Voice Changer + Runway Act-One: Full Workflow

Learn how to combine a real-time voice changer with Runway ML Act-One to produce character-driven AI short films with perfectly matched voice and performance.

Voice Changer + Runway Act-One: Complete Workflow for AI Short Films

Runway ML’s Act-One feature changed what solo creators can achieve. Record yourself acting a scene — just a phone camera and natural light — and Act-One maps your facial performance onto any character in a generated video. The missing piece for most indie filmmakers is audio: Act-One handles the face, but the voice that comes out of your mouth still sounds like you.

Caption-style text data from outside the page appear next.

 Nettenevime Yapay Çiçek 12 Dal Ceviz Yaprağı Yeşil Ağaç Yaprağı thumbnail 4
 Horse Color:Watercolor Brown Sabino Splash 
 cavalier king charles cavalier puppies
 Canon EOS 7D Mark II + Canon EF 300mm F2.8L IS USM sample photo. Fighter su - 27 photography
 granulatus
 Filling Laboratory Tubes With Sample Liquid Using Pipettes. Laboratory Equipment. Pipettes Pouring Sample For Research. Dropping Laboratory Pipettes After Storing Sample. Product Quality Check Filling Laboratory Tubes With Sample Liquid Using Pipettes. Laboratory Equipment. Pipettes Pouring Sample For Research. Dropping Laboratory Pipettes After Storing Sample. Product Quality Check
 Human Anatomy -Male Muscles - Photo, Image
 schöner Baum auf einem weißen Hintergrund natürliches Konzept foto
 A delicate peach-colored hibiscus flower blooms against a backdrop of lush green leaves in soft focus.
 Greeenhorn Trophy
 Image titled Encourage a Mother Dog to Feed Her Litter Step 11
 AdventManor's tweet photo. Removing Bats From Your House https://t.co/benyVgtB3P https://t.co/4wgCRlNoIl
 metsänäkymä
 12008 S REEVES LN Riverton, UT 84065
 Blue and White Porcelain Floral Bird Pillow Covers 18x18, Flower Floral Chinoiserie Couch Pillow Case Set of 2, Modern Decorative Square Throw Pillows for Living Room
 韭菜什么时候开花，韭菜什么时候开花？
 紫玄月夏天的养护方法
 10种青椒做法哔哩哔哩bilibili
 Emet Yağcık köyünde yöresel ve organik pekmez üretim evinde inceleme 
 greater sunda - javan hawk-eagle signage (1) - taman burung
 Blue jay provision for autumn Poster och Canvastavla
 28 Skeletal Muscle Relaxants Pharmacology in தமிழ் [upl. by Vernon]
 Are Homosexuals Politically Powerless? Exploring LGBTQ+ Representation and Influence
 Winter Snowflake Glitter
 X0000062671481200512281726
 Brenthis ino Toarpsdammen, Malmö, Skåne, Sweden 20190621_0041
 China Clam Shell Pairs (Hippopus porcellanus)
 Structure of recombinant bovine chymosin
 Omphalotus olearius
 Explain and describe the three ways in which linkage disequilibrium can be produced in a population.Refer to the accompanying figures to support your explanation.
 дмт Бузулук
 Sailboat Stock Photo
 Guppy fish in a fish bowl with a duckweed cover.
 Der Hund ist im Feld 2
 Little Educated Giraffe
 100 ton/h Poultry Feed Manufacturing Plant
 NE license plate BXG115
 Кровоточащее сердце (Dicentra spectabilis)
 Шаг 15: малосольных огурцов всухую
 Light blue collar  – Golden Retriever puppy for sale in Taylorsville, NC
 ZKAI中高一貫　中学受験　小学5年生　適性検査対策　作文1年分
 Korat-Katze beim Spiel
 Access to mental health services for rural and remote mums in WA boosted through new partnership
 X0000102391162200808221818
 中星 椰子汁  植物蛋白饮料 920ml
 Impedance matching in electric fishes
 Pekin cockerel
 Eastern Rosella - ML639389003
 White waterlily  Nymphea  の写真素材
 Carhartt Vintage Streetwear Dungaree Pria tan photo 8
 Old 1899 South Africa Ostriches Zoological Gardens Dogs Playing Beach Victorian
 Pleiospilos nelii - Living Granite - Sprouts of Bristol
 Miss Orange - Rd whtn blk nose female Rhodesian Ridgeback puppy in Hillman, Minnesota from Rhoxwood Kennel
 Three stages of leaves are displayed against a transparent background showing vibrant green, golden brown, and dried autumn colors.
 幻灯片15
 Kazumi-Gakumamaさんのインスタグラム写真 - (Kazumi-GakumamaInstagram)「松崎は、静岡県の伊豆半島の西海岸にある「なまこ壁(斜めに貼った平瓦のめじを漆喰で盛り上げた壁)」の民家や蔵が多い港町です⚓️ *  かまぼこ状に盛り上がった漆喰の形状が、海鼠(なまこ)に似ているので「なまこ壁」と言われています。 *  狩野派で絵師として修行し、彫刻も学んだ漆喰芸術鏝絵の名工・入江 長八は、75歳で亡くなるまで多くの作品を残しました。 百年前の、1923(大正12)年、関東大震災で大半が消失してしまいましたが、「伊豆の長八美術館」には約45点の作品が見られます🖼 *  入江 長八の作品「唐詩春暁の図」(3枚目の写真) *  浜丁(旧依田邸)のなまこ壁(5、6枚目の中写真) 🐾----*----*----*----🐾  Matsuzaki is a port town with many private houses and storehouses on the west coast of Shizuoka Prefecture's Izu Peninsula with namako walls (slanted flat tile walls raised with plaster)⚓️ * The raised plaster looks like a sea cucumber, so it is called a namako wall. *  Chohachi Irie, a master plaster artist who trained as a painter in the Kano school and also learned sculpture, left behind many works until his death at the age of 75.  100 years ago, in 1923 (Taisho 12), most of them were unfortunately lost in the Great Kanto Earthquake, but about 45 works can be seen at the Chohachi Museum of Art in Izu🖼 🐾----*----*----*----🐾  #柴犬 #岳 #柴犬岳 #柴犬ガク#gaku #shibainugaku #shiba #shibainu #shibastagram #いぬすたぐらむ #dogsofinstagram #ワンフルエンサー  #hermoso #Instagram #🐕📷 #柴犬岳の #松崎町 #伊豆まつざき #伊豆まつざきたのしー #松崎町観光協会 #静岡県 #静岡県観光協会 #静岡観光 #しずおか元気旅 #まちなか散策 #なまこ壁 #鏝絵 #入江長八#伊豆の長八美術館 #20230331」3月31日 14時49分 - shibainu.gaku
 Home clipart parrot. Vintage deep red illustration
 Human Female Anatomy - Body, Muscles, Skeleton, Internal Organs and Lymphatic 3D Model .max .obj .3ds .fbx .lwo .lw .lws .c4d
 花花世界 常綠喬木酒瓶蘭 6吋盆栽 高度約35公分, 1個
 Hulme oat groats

A real-time voice changer closes that gap. Record your reference video with the voice already transformed, and the output clip ships with a character voice baked in — no post-processing, no overdub session.

This guide walks the complete workflow: choosing presets by character archetype, setting up the audio chain so Runway captures cleanly, and assembling everything in a video editor for distribution.


TL;DR

  • Runway Act-One reads facial motion from a reference video and maps it to a generated character.
  • A real-time voice changer running through a virtual microphone lets you record the reference video with character audio already applied.
  • The audio track from your reference recording becomes the final dialogue — Act-One does not touch audio.
  • Match your voice preset to your character archetype before you hit record.
  • VoxBooster’s WASAPI virtual mic is recognized by OBS, webcam software, and screen recorders without driver installation.
  • Final assembly is straightforward: import the Act-One video output, sync the processed audio track, color grade, and export.

What Is Runway Act-One?

Runway ML is a generative AI platform used by filmmakers, VFX studios, and content creators for video generation and editing tasks. Act-One is a specific feature that performs facial motion transfer: it analyzes a reference video of a human performer and drives the facial animation of a character in a generated output clip.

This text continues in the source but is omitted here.